START Raw data

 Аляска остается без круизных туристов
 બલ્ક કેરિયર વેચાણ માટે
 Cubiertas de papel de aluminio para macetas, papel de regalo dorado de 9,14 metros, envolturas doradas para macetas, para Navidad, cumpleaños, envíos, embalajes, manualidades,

END Raw data

About this exercise - The expected output is the lines from the one holding "બલ્ક કેરિયર વેચાણ માટે" through the last line of the data, exactly as they appear, with nothing before or after.

Reply -
 બલ્ક કેરિયર વેચાણ માટે
 Cubiertas de papel de aluminio para macetas, papel de regalo dorado de 9,14 metros, envolturas doradas para macetas, para Navidad, cumpleaños, envíos, embalajes, manualidades,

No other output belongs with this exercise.